EXERCISE DIRECTIONS ▸ Print, word for word, the line containing "LIVE| Danimarkë-Finlandë/ Momente" and all lines beneath it to the end of the entries below. Pictures do not belong in the copy.

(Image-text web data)
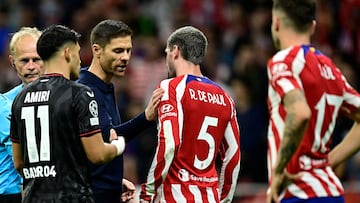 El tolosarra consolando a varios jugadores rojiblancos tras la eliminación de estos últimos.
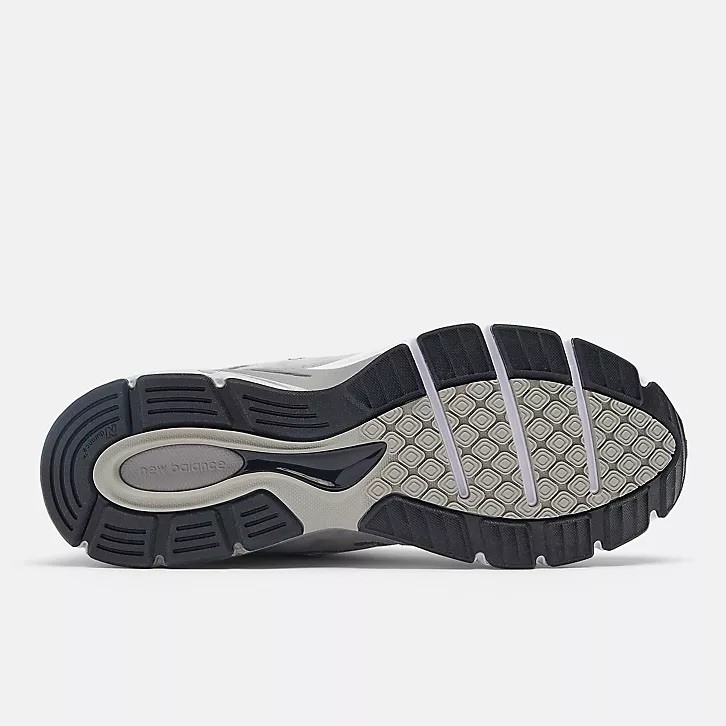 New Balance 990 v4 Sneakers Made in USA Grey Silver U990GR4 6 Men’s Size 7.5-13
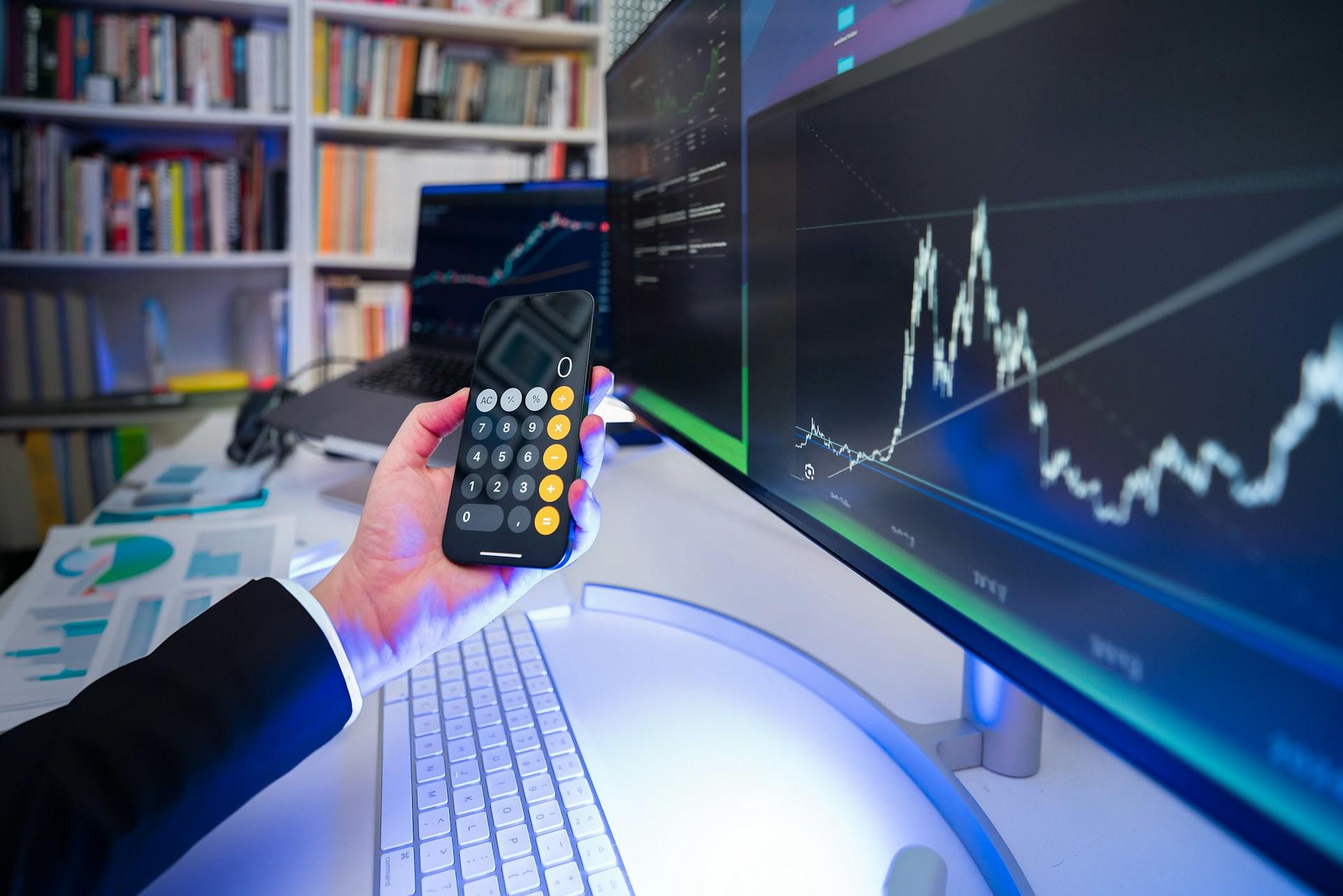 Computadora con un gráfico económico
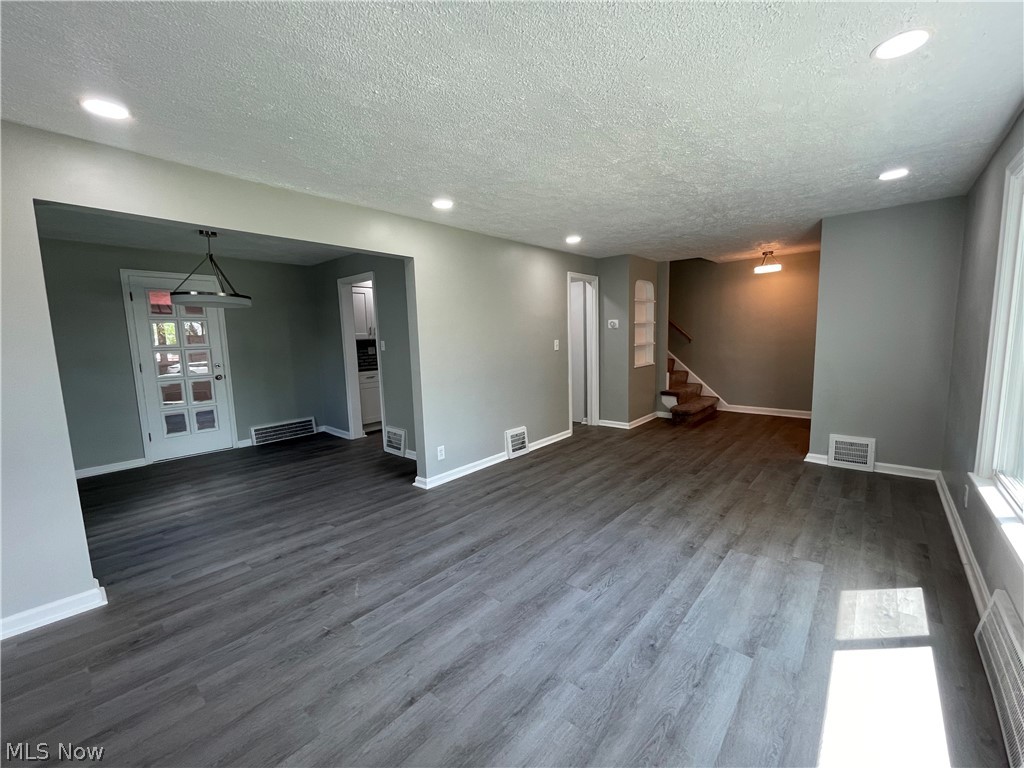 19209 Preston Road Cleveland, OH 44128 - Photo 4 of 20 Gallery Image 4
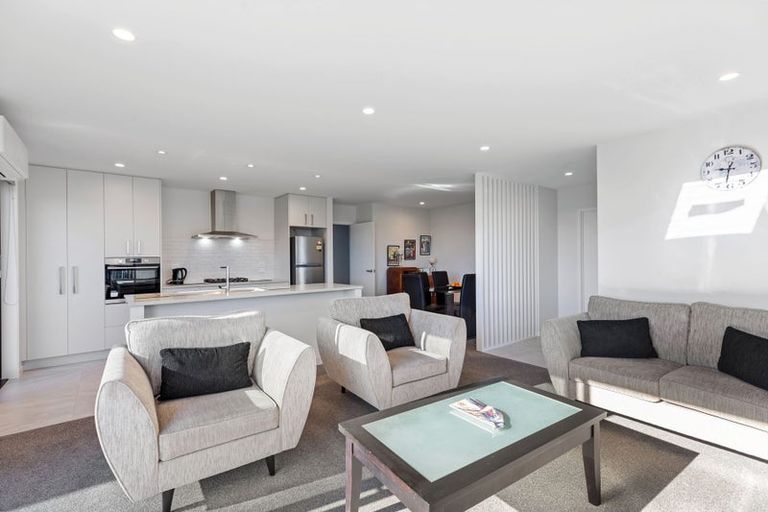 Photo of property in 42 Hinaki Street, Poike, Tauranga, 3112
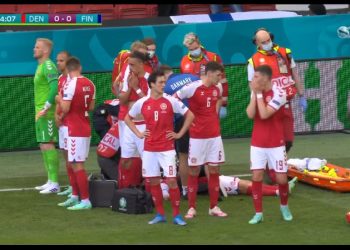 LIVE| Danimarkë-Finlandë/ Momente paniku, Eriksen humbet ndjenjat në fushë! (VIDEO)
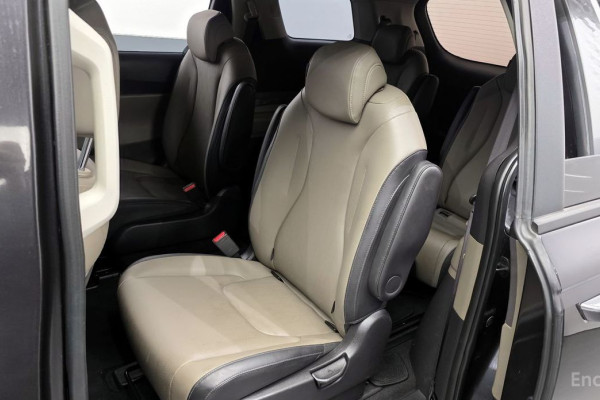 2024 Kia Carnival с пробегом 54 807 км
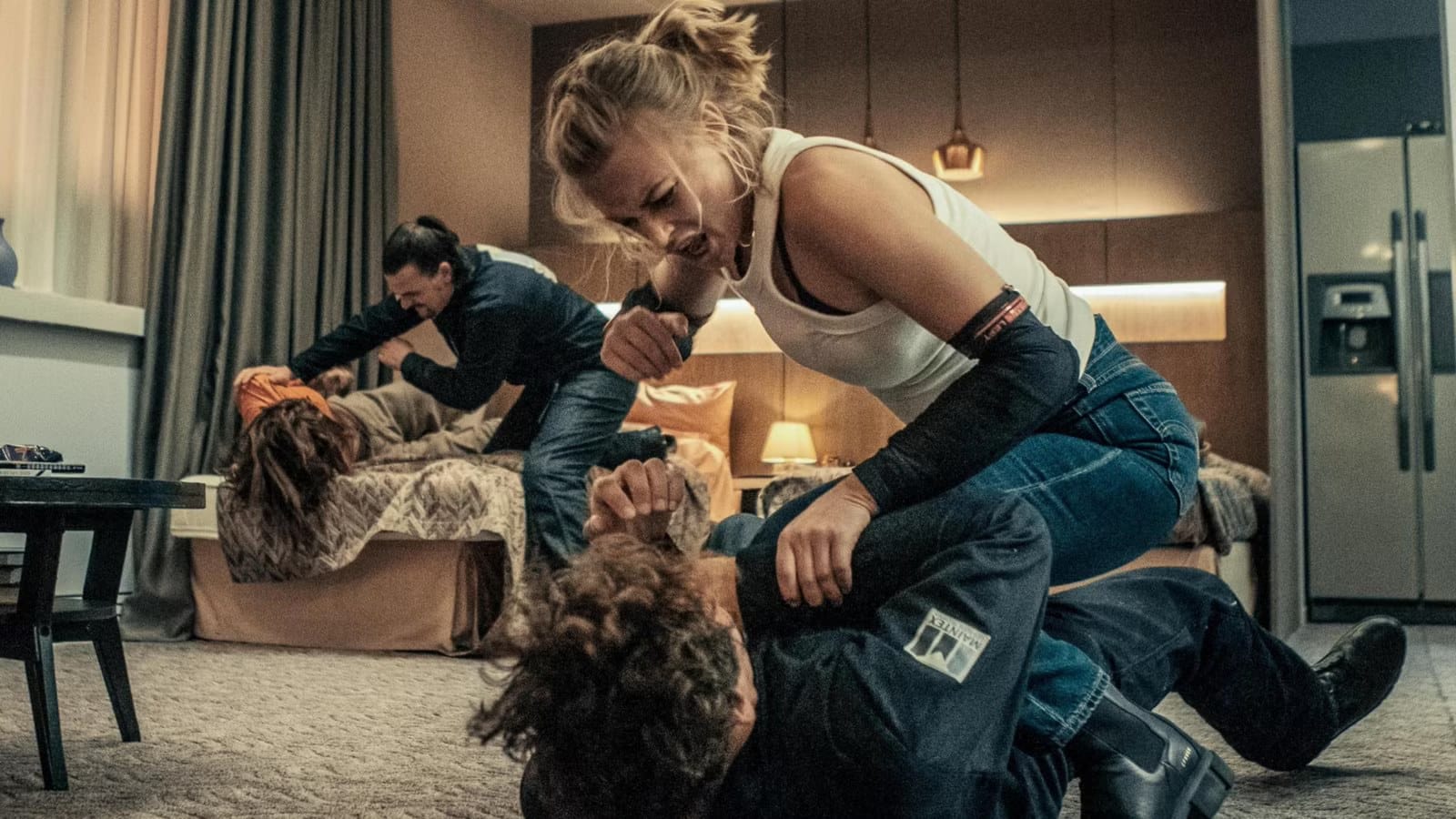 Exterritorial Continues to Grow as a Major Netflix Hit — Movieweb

TASK SOLUTION ▸
 LIVE| Danimarkë-Finlandë/ Momente paniku, Eriksen humbet ndjenjat në fushë! (VIDEO)
 2024 Kia Carnival с пробегом 54 807 км
 Exterritorial Continues to Grow as a Major Netflix Hit — Movieweb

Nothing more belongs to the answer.